Le Liban célèbre l’avènement de son 13e président. Par un franc parler le chef de l’Etat a réaffirmé au peuple ses engagements passés et ses priorités nationales. La suprématie de la constitution et la lutte contre la corruption ont initié pertinemment un apport non formel. La politique locale articule ses diverses tendances, des accords initiaux et des exigences opportunes. L’équilibre correspondant à la composition du nouveau gouvernement nécessite des donnes différentes et insoupçonnées. Elles se situent bien au delà de la course effrénée aux ministères préférés, exclusifs ou « réservés » pour certains.

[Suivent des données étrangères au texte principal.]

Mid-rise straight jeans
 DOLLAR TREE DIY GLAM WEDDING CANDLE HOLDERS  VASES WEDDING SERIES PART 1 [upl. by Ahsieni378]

Cependant, quels sont les pré-requis nécessaires pour les candidats aux postes de ministres? Relèvent-ils des qualificatifs adaptés à la fonction, à la transparence, au culte de la personnalité ou aux trois? Et pourtant, la situation critique dite « insupportable » du pays peut elle inclure encore l’amateurisme, les comportements incertains, les vues opportunistes et controversés qui ne remplissent que peu ou mal des rôles et ne tolérent la critique légitime du citoyen? On espère pour très bientôt des hommes et des femmes aux bons postes ainsi que de vrais dialogues entre des réels partenaires et des opposants constructifs afin de pourvoir aux libanais la page des possibilités avec des actions impeccables dans les meilleurs délais.

La gouvernance crédible est celle qui maintient la barre de l’exercice démocratique bien haute et la ligne d’une conduite coordonnée, unifiée et efficace entre les ministres. L’accord consensuel entre nos diverses composantes a longtemps associé la fonction aux privilèges des choix intimes, des appartenances collectives et des redevances plurielles. La place de l’identité nationale demeure réservée ou résignée à côté des quotas religieux et communautaires. La constitution est surtout perçue comme protectrice des perceptions multiples. L’appartenance nationale passe certes par le prisme d’une riche et complexe coexistence qui gagne à renforcer ses stratégies de dénouements face aux conflits intérieurs. On pourra alors mieux raffermir les axes de nos ententes et préserver notre indépendance malgré les circonstances.

Un ministère du rétablissement identitaire est vivement souhaitable pour mener la lettre à l’esprit des applications constitutionnelles, des concordances ministérielles, de la gouvernance et de la citoyenneté. Allons soutenir par tous les moyens possibles la République et la tenue démocratique de la Constitution!

Joe Acoury.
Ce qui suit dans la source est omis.